Le rapport a identifié - vous avez eu raison de le souligner, Madame la présidente de la sous-commission - un défaut de traçabilité dans le domaine du renseignement. Nous votons dimanche sur une nouvelle loi sur le renseignement; c'est un élément essentiel, et la police doit s'améliorer dans ce domaine. La capacité de faire arriver la bonne information au bon moment au bon endroit, plusieurs d'entre vous l'ont dit, c'est aujourd'hui ce qui doit nous permettre de relever les défis nouveaux, des formes de criminalité, d'agressions, de violence particulièrement sournoises. Cela me permet de vous dire, à l'instar de quelques députés - malheureusement pas tous, et c'est dommage - que la véritable cible que nous devons poursuivre, ce n'est pas la police mise en accusation, ou, que sais-je, peut-être les commerçants qui ne se seraient pas suffisamment prémunis. Ce sont les casseurs qu'il faut cibler, c'est eux vers qui véritablement il faut diriger nos intentions d'éviter qu'ils ne nuisent de nouveau. C'est là-dessus, Mesdames et Messieurs, que j'ai pris un engagement devant la commission de contrôle de gestion, parce que, Monsieur Leyvraz, oui, je m'intéresse dans le détail à ce qui se dit, et non, vous ne pouvez pas d'un côté me faire le reproche de ne pas être au courant, de ne pas m'être renseigné suffisamment, et de l'autre dire que je m'immisce par trop dans l'opérationnel; oui, Monsieur le député, je vais continuer de m'en mêler, et de près, parce que c'est ce que vous me demandez, parce que c'est ce qui nous permet d'avoir aujourd'hui des résultats en amélioration du côté de la police.

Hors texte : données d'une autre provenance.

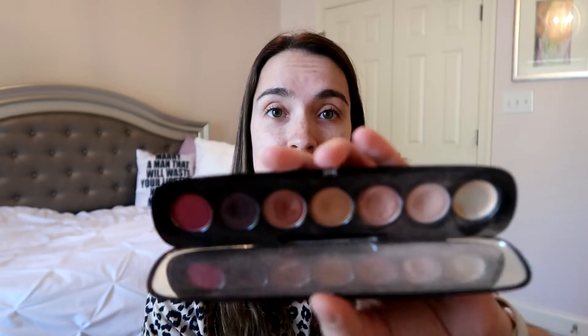That's bronzer, blush, eyeshadow, liner, brows, things like that. I am going to use a primer, and I'm going to put on some BB cream, but for the most part I will be just diving into these shades.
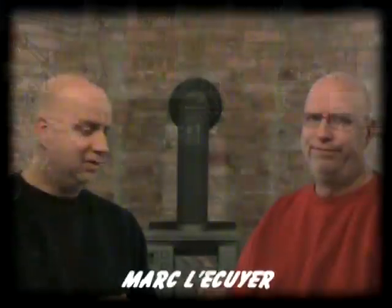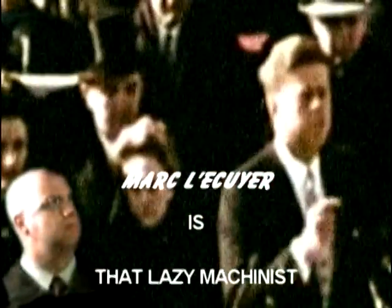Chuck, I hope that answers your question. And to everyone, happy machining.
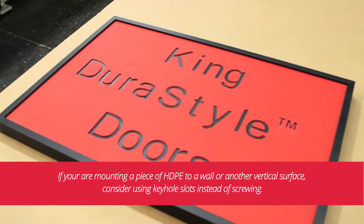A frame can also be used to hold a free-floating part in place. In this scenario, silicone or rubber balls can be used as a cheap gasketing material to stop the part from rattling in the frame.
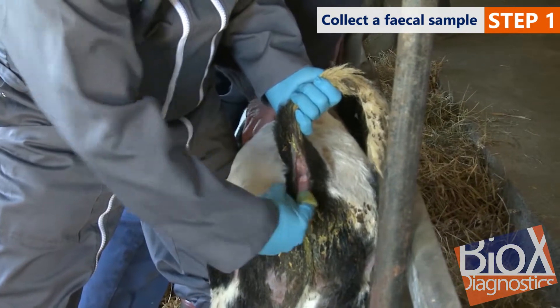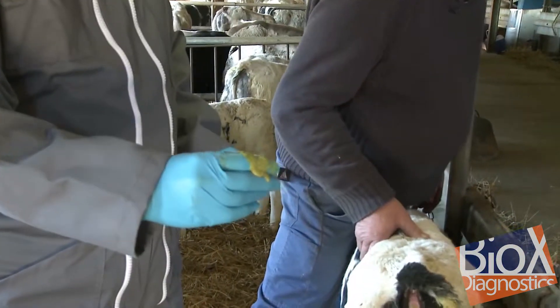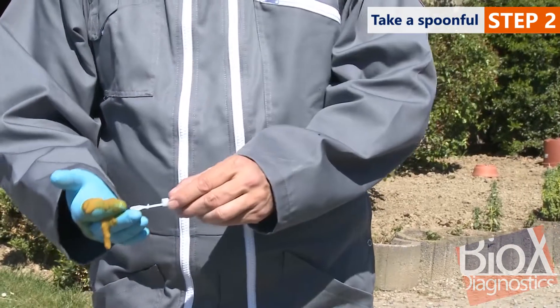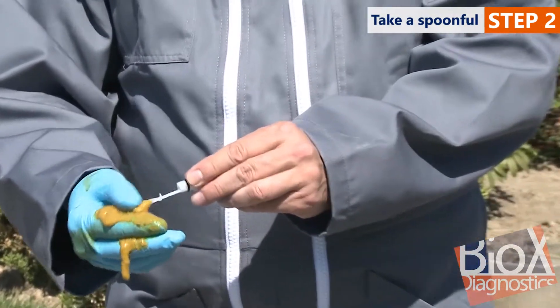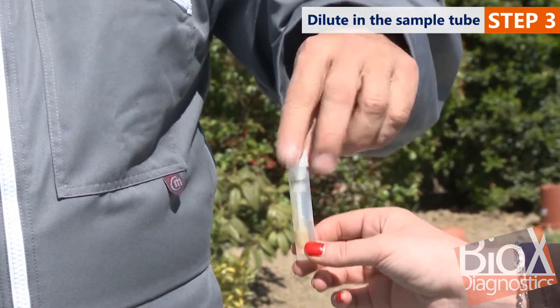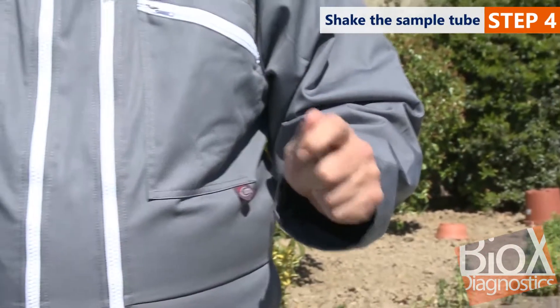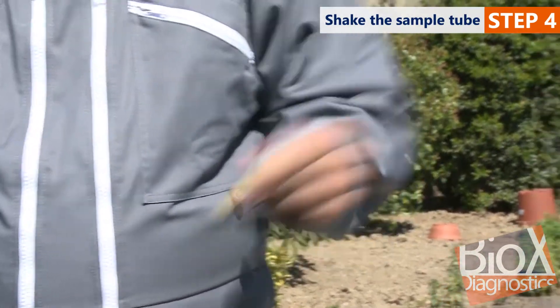Collect a fecal sample, preferably directly from the sick animal's rectum. Fill the specimen tube spoon, then insert the spoon into the tube, screw the cap shut and shake energetically to dissolve the sample in the solution.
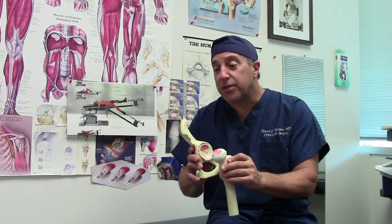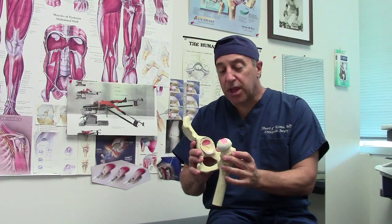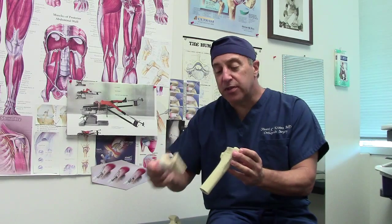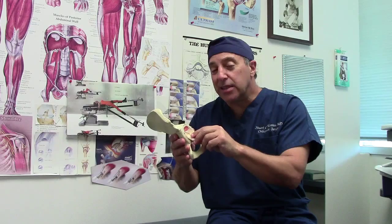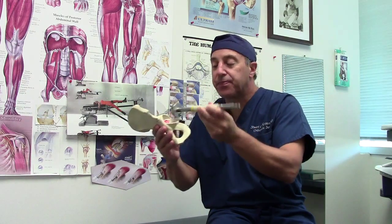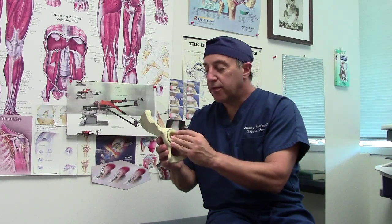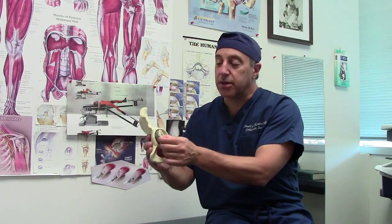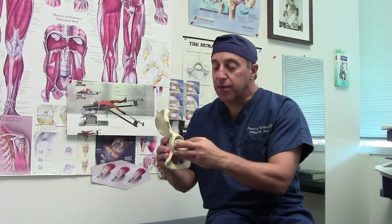I have to say I'm even more impressed with it now after having done 800 than I was early on. With the table allowing the hip to be dislocated, a saw takes the femoral head off and moves the femur out of the way. That allows us to work on the socket side. An x-ray machine allows me to look inside the pelvis. The socket is treated with a reamer that takes away the old cartilage, and it leaves a space that's perfectly proportioned for the socket component. That's checked on x-ray to be in the right position — that's one of the big advantages of the anterior hip, as the x-ray allows you to confirm the position of the cup.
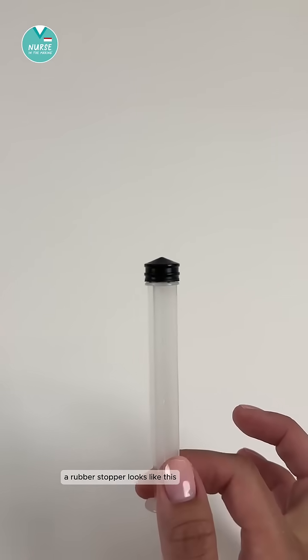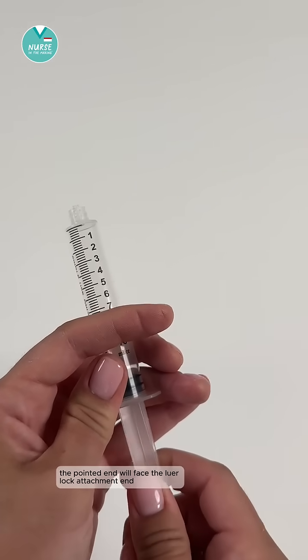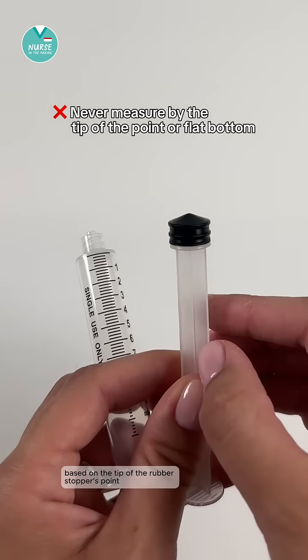A rubber stopper looks like this — you have a flat end and a pointed end. The pointed end will face the luer lock attachment end, where medication will push out.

Ne nous trompons donc pas de cible: les cibles, ici, ce sont les casseurs; ceux-là, ils seront au rendez-vous d'ici quelques semaines sous l'angle de la justice pénale.
L'autre objectif - le rapport nous y conduit - est d'améliorer le fonctionnement de la police. Le Conseil d'Etat, par ma bouche, prend avec humilité les remarques que vous faites. Il répondra aux recommandations. J'ai déjà eu l'occasion d'en relever certaines, certaines sont sans doute plus intéressantes que d'autres, mais nous répondrons à l'ensemble des recommandations; et nous veillerons surtout - parce que c'est ce que la population veut entendre - à éviter que ces situations ne se reproduisent. Mais pour ça, Mesdames et Messieurs, il faudra de la confiance, à tous points de vue, et je finirai à ce propos sur un élément de forme qui m'a fortement déplu dans cette affaire. D'aucuns se sont amusés à user de la métaphore électrique; pour ma part, je retiendrai une métaphore relative à la plomberie: ce sont davantage les fuites que les fusibles, Monsieur le député, qui ont émaillé cette affaire. C'est regrettable, parce que si l'on veut pouvoir avancer ensemble dans l'intérêt de la population, il faut pouvoir le faire dans un rapport de confiance. Malheureusement, il n'était pas toujours au rendez-vous dans ce dossier. (Applaudissements.)
Le président. Merci, Monsieur le conseiller d'Etat. Mesdames et Messieurs les députés, je soumets à votre approbation les recommandations de ce rapport.
Mis aux voix, le rapport divers 1158 est approuvé et ses recommandations sont renvoyées au Conseil d'Etat par 56 oui et 25 abstentions.